Single by Leonard Cohen

from the album Songs from a Room
- B-side: "Seems So Long Ago, Nancy"
- Released: April 1969
- Recorded: September 26, 1968
- Studio: Nashville, Tennessee
- Genre: Contemporary folk
- Length: 3:28
- Songwriter: Leonard Cohen
- Producer: Bob Johnston

= Bird on the Wire =

"Bird on the Wire" is a song written by Canadian musician Leonard Cohen that became one of his signature songs. It was recorded 26 September 1968 in Nashville and included on his 1969 album Songs from a Room. A May 1968 recording produced by David Crosby, titled "Like a Bird", was added to the 2007 remastered CD. Judy Collins was the first to release the song on her 1968 album Who Knows Where the Time Goes. Joe Cocker also covered the song on his second studio album the following year and his version reached #78 in Canada.

In the 1960s, Cohen lived on the Greek island Hydra with his girlfriend Marianne Ihlen, the woman depicted on the back cover of Songs from a Room. She has related how she helped him out of a depression by handing him his guitar, whereupon he began composing "Bird on the Wire", inspired by a bird sitting on one of Hydra's recently installed phone wires, followed by memories of wet island nights. He finished it in a Hollywood motel.

Cohen has described "Bird on the Wire" as a simple country song, and the first recording, by Judy Collins, was indeed done in a country setting. He later made various minor changes, such as the modifications present on Cohen Live. Different renditions are included on all of his live albums. On occasion he also performed Serge Lama's French version, "Vivre tout seul", in concert.

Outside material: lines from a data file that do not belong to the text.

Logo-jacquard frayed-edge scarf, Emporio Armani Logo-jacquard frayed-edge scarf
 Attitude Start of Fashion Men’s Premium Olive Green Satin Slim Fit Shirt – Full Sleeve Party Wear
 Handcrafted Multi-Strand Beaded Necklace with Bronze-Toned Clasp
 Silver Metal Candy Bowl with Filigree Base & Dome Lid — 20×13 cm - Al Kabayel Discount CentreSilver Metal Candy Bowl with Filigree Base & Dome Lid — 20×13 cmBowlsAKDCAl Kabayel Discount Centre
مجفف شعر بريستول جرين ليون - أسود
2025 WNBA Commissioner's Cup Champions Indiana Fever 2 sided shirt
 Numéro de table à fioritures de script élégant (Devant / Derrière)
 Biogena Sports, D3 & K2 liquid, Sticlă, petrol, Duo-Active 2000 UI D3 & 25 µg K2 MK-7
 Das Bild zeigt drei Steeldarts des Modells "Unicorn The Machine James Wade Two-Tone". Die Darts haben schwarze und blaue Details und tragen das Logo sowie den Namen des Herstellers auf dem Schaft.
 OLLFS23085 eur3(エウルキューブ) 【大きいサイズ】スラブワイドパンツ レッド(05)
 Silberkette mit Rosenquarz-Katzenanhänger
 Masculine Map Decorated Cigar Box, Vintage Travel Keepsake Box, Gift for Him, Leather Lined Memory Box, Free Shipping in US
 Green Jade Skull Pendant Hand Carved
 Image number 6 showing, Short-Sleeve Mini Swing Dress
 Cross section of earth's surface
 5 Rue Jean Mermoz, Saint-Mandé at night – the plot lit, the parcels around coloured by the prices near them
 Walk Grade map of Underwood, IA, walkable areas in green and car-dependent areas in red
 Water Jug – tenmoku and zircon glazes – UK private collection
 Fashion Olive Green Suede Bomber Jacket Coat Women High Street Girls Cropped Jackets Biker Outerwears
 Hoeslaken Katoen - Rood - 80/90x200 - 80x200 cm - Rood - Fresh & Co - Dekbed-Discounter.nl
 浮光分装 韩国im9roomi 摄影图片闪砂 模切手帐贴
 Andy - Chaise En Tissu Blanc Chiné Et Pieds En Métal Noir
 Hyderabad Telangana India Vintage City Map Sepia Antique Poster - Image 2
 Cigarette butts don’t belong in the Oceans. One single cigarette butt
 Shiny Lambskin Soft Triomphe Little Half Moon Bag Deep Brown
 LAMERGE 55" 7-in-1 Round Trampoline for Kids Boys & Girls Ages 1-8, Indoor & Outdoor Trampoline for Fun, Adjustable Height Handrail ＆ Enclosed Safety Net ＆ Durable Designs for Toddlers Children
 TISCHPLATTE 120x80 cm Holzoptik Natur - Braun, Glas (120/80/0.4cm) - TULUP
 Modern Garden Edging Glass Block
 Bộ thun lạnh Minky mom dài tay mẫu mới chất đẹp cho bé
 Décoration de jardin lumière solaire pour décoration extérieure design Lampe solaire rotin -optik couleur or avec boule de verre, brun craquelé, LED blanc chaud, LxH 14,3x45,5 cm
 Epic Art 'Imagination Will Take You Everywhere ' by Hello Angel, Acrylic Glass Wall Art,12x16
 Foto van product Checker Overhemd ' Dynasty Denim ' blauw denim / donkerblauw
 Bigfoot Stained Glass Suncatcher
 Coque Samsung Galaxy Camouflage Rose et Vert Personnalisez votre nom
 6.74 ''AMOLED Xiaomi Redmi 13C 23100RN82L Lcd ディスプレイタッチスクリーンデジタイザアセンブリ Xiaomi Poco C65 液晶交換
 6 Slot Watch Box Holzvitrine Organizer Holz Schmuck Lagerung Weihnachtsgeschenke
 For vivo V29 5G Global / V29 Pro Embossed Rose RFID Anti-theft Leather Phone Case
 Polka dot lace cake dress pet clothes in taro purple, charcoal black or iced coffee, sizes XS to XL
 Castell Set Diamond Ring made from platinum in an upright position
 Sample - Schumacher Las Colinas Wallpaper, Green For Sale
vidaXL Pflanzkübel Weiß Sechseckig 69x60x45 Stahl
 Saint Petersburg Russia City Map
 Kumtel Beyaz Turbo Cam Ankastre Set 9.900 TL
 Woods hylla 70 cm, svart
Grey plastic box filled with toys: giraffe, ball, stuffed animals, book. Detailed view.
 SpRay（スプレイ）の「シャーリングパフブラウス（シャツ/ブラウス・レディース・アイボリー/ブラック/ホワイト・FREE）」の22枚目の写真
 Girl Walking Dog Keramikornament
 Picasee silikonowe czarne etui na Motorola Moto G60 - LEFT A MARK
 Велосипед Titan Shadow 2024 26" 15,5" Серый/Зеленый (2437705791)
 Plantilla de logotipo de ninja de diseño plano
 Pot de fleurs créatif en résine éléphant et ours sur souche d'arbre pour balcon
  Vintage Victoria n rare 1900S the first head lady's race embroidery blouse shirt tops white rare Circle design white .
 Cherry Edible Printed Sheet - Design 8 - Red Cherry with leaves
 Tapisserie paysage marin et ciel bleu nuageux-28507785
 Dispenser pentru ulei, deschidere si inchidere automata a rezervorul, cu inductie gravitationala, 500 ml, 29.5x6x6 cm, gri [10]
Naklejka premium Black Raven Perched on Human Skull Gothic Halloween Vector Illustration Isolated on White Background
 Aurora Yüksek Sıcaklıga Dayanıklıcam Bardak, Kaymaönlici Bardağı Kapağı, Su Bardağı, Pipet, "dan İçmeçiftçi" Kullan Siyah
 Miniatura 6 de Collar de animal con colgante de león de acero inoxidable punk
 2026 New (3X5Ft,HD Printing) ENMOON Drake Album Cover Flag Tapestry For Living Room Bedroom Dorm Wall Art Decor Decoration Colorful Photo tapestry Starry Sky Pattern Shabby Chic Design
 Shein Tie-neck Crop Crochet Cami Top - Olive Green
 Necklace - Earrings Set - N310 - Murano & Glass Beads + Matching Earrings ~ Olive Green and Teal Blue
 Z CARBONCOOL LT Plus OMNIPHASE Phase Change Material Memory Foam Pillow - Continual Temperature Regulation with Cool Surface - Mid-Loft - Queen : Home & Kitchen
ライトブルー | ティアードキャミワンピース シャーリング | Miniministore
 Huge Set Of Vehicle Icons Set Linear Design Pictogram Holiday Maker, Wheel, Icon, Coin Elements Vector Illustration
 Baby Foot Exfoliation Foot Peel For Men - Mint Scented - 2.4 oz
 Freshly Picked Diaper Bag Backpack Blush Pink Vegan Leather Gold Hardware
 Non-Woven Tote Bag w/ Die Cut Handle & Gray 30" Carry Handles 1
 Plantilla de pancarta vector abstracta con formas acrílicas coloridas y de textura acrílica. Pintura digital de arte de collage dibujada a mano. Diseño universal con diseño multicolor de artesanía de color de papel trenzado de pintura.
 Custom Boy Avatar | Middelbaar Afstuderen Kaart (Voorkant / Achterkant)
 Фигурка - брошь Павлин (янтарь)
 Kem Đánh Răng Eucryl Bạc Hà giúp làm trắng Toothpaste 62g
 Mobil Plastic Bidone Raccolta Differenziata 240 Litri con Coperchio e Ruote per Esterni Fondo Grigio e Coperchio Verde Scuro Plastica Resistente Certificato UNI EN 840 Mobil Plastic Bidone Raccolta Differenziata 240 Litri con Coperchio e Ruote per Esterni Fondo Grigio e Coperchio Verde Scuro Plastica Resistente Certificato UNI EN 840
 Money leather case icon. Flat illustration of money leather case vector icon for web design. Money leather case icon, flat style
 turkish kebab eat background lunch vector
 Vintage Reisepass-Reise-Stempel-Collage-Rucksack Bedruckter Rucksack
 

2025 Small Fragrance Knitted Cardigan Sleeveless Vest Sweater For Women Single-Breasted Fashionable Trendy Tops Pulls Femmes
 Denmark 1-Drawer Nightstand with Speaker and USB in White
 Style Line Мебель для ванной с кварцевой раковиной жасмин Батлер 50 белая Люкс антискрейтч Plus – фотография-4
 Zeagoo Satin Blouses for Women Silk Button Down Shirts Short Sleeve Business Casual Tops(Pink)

In the sleevenotes to a 2007 rerelease of Songs From A Room, the song was described as "simultaneously a prayer and an anthem, a kind of Bohemian 'My Way'."

== Composition ==
In the liner notes to the 1975 compilation The Best of Leonard Cohen, Cohen wrote about the song:
I always begin my concert with this song. It seems to return me to my duties. It was begun in Greece and finished in a motel in Hollywood around 1969 along with everything else. Some lines were changed in Oregon. I can't seem to get it perfect. Kris Kristofferson informed me that I had stolen part of the melody from another Nashville writer. He also said that he's putting the first couple of lines on his tombstone, and I'll be hurt if he doesn't.
Joe Hickerson, writing in Sing Out!, suggested that the song to which Kristofferson was referring is John D. Loudermilk's "Turn Me On", which was originally recorded by Mark Dinning in 1961 and later covered by many other artists, including Nina Simone, and which shares a similar melody and some lyrical patterns with Cohen's song.

== Cover versions ==
Many artists have covered the song, often as "Bird on a Wire" (indeed, this variation appears in the compilation The Essential Leonard Cohen), including:
- Tim Hardin on the album Bird on a Wire (1971)
- A version by Jennifer Warnes from her album Famous Blue Raincoat reached number 16 on the Canadian AC Chart in 1987.
- Red Rider's version from The Symphony Sessions reached number 88 in Canada.
- The Neville Brothers on the album Brother's Keeper (1990); also included in the film Bird on a Wire (1990) starring Mel Gibson and Goldie Hawn. This version reached number one in Canada and number five in New Zealand, where it is certified gold.
- Johnny Cash recorded it on December 6, 1993. His version was include in his 1994 album American Recordings.
- Jimmy Barnes and Troy Cassar-Daley on the album Double Happiness (2006). Peaked at number 59 on the ARIA Charts.
- Elvis Costello performed the song at the 2017 Tower of Song: A Memorial Tribute to Leonard Cohen concert.

== Charts ==
=== Leonard Cohen version ===

| Chart (1969) | Peak position |
|---|---|
| Belgium (Ultratop 50 Wallonia) | 32 |

| Chart (2016) | Peak position |
|---|---|
| France (SNEP) | 137 |

=== The Neville Brothers version ===

==== Weekly charts ====

| Chart (1990) | Peak position |
|---|---|
| Canada Retail Singles (The Record) | 1 |
| Canada Top Singles (RPM) | 34 |
| Canada Adult Contemporary (RPM) | 15 |
| Germany (GfK) | 35 |
| New Zealand (Recorded Music NZ) | 5 |
| UK Singles (Official Charts) | 72 |
| US Adult Contemporary (Billboard) | 31 |

==== Year-end charts ====

| Chart (1990) | Position |
|---|---|
| New Zealand (RIANZ) | 16 |

==== Decade-end charts ====

| Chart (1990–1999) | Position |
|---|---|
| Canada (Nielsen SoundScan) | 82 |

== Certifications ==
=== The Neville Brothers version ===

| Region | Certification | Certified units/sales |
| New Zealand (RMNZ) | Gold | 5,000^{*} |
^{*} Sales figures based on certification alone.